Tuesday, September 07, 2010

For what is a question?

"When you ask a question, do you look for an answer or do you go on a quest?" - Tara Malouf, June 2010

Yes, that IS a word-play on Question/Quest. And, yes, there IS an assumed better-answer; that the built-in answer is more ideal.

Sunday, July 11, 2010

Not to confuse Tolerance with Wisdom

My enemy is the mirror of my priorities, my values - even if only as my inverse.

But as my mirror, it would do me well to listen to my enemy so as to learn more my true self, before I attack.

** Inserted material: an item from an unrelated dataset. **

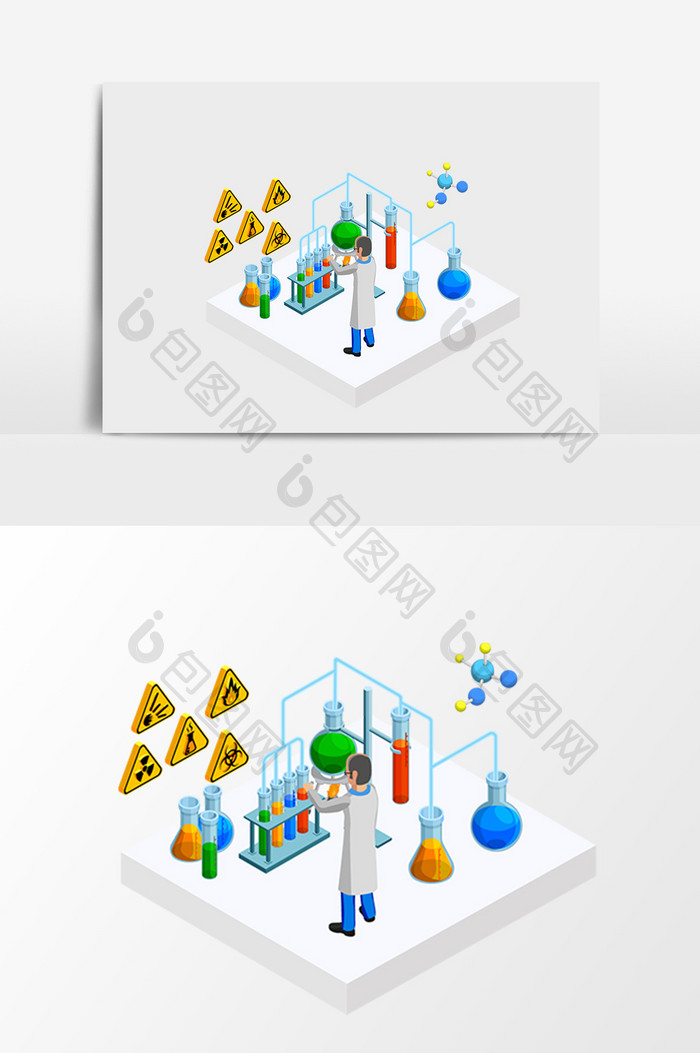 立体空间化学药剂专家2.5D矢量元素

[[ I may even find that I am an enemy of my now-uncovered self as well! ]]

Monday, July 05, 2010

Aging away from youthfulness

When I was a young, I managed my imagination...
... now that I'm old, I manage my disillusionment.

I tried to make what I thought possible...
...now I try to make up for what I wish was real.

Friday, April 23, 2010

Facebook is as worthless as this post

I know there's a pool of competition for social-networking, and that Google's Buzz got in the swirl late and without it's noseplug, but I am SO sick of Facebook being super-slow if not fully inaccessible! Buzz is fast, easy, multi-media and properly integrated (anyone else notice the lame-ness of Facebook plug-ins as of late - they seem even slower than Facebook!), and doesn't waste my time and computer resources on feeding pigs.

I know it will cost me some privacy, but I'm making my Google Profile 100% accessible and thusly, Buzz 100% accessible as well. Anything to help ease people away from the fiasco of Facebook!

[[ Irony - this post will show up in both Facebook and Buzz. Yes! ]]

Friday, April 09, 2010

My kids are awesome

Kids at school treat Mikaela with ridiculous respect... just the other day, one child admitted to cheating off of Mikaela's test. The child admitted it right away - no hesitation, no deflection. When the two were confronted with the situation, the other girl fessed up on-the-spot. Unreal.

Luc is such a great boy/man. This week, I have driven him to school so he can work the morning 'safety patrol' shift (he's on every other week). When I drop him off, he RUNS into school! Not because he's late. He just runs. It makes me smile. Huge smile. Every time.


There is a season for sowing, and a season for harvesting... The hard work of sowing (and tilling, and nurturing, and working, and pruning, and ...) is SO worth it!

Friday, March 05, 2010

Changing 'workplace' dynamics

I like to read cranky futurists on www.FaithPopcorn.com There's a section (after the super annoying hand-clapping intro!) called "Culture Pulse" which is a very knocked-down version of what they're thinking about.

In February 2010 they posted an article (.pdf) by Richard Donkin out of The Guardian on employment law. Interesting, less-than-4 page read.

The article ends with this last, bullet-point(ish) -- emphasis added by me:

Entrepreneurship: Opportunities to start up your own business, create partnerships or work freelance will blossom. "It will become difficult for employers to hold on to their key staff, who will realise they can earn more working freelance or setting up their own networks of ad hoc working relationships," [Ian] Pearson says ['futurist']. "So entrepreneurial skills will be key." (p. 4)


Got me thinking: What if 'the workplace' and 'career' are replaced with the uncertain & highly volatile "networks of ad hoc working relationships." Will 'social networking' skills cross-over in the same way 'people skills' are cross-vocational? Will having existing 'social networking capital' (i.e. a long-standing, highly invested-in social-networking presence [read: Facebook- or Twitter- or Google Buzz- account]) become valuable like a degree or alumni association or recruiter or ____ is today?

Gen-X is, according to most historians and culture observers, a 'stuck' generation: what they invested in (mid-to-late 1900's education, buy everything on-loan [called "leverage"], family & social (& financial) values/morals) doesn't have a positive return - made even more frustrating by the fact that the generations before them DO have a positive return on those same investments while at the same time the Gen-Xers are taking a loss.

Blah, blah, blah... all that to say, I wonder if those of us (i.e. ME!) who don't really like social-networking are going to find ourselves sad and frustrated when we realize that we should have been investing in something we don't care for (social networking).

As one of the last Gen-Xers (age-wise), am I going to find my current as well as future 'investments' are losses?!?!



[or have I simply commodified relationships in a 1980's sort of way!!]